Requirement:
Copy exactly the line containing "Apple iPad Pro" and all lines after it, through the last line of the material below; omit everything before it.

Information shown:
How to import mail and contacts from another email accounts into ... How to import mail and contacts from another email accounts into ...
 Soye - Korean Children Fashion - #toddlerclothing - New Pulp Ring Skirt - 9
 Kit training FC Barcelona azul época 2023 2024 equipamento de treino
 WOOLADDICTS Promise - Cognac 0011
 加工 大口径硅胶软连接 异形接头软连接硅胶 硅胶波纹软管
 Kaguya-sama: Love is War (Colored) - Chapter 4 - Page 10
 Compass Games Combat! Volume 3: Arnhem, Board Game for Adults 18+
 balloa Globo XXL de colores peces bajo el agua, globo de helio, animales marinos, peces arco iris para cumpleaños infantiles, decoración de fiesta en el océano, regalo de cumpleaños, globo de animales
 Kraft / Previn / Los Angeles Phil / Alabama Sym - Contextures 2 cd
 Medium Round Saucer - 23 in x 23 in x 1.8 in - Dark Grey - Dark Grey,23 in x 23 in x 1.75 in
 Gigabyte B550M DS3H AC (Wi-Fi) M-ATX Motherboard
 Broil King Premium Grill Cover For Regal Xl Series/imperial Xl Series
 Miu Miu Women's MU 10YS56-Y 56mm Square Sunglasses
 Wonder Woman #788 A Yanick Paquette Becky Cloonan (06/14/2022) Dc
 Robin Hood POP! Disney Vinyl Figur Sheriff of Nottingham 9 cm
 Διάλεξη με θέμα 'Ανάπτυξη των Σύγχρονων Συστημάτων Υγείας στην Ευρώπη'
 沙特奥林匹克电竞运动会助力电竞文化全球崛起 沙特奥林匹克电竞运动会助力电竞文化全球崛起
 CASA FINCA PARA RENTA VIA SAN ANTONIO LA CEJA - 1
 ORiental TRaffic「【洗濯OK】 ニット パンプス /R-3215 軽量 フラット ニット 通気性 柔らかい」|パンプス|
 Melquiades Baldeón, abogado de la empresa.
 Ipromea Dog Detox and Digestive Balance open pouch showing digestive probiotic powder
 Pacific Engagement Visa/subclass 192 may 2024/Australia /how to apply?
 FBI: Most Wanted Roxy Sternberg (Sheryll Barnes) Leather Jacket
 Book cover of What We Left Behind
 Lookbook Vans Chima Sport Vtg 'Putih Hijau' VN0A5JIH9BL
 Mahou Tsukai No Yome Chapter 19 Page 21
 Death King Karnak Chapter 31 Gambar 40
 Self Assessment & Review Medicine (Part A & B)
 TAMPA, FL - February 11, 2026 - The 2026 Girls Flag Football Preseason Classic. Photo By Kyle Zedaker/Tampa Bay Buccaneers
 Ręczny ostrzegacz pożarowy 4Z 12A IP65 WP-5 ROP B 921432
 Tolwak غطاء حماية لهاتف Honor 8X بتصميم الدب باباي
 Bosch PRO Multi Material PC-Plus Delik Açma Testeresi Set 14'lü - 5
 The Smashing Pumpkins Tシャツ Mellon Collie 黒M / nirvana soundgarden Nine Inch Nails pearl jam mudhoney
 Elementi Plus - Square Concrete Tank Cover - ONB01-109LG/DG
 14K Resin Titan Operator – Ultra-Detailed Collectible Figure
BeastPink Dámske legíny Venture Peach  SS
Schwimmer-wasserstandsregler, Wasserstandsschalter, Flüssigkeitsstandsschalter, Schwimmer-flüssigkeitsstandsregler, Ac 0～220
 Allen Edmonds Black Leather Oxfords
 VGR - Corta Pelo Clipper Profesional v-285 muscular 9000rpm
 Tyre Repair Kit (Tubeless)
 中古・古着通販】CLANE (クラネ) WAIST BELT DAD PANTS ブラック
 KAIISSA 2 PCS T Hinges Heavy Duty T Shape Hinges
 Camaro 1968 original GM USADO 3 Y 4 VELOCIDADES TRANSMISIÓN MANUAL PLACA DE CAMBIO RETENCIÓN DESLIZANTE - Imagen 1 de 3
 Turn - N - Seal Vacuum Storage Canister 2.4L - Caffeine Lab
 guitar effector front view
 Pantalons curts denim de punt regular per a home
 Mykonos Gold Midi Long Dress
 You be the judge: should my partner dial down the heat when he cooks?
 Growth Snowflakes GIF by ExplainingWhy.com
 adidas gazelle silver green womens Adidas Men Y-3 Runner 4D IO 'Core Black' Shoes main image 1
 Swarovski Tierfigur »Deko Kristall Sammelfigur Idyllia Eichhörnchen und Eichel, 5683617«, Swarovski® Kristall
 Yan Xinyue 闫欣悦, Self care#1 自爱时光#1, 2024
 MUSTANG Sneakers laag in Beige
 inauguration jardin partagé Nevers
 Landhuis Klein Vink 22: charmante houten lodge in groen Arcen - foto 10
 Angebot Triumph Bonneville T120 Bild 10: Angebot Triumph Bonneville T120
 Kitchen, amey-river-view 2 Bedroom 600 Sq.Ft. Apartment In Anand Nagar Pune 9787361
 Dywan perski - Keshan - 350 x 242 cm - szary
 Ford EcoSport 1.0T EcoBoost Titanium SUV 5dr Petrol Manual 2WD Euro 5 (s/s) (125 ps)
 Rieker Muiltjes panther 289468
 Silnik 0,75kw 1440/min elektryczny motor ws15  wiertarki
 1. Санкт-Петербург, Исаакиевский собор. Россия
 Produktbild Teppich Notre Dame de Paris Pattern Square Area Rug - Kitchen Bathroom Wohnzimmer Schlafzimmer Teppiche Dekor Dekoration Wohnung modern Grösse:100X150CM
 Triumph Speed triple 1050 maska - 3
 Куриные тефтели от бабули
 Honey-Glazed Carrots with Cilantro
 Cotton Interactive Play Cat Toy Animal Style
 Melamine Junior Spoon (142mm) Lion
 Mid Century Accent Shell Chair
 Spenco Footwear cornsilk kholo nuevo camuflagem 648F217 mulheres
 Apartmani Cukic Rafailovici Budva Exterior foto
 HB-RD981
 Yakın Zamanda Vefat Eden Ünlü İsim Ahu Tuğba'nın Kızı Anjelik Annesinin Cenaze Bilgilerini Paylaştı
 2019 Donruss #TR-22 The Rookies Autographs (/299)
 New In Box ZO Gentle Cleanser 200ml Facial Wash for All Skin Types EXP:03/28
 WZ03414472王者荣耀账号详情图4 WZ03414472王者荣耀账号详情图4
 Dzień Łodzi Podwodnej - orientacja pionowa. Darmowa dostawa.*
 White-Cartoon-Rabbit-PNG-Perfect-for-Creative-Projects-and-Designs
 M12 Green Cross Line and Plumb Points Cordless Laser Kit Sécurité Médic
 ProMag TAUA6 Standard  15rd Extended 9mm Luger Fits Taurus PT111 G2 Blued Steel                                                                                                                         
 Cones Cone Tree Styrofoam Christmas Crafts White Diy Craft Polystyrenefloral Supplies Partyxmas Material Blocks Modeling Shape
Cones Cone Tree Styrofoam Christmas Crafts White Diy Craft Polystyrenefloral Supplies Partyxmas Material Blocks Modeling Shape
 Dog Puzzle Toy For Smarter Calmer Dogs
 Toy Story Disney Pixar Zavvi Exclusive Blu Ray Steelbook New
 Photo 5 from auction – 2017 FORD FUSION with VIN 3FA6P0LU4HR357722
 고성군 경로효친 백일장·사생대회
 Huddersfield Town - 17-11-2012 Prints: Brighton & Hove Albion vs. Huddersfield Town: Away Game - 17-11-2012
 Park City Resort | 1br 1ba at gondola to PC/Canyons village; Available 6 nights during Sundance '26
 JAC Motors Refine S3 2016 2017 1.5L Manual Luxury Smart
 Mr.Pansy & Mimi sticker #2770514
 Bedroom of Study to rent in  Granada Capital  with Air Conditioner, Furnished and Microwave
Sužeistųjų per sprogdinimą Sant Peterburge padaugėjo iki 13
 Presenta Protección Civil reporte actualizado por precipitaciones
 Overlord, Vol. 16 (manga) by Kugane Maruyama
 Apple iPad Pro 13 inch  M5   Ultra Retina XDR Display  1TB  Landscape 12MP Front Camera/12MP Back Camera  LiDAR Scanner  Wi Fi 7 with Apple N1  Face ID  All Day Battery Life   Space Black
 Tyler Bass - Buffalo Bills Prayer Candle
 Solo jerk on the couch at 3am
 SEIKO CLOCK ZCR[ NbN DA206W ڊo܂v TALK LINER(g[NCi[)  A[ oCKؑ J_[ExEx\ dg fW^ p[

Response:
 Apple iPad Pro 13 inch  M5   Ultra Retina XDR Display  1TB  Landscape 12MP Front Camera/12MP Back Camera  LiDAR Scanner  Wi Fi 7 with Apple N1  Face ID  All Day Battery Life   Space Black
 Tyler Bass - Buffalo Bills Prayer Candle
 Solo jerk on the couch at 3am
 SEIKO CLOCK ZCR[ NbN DA206W ڊo܂v TALK LINER(g[NCi[)  A[ oCKؑ J_[ExEx\ dg fW^ p[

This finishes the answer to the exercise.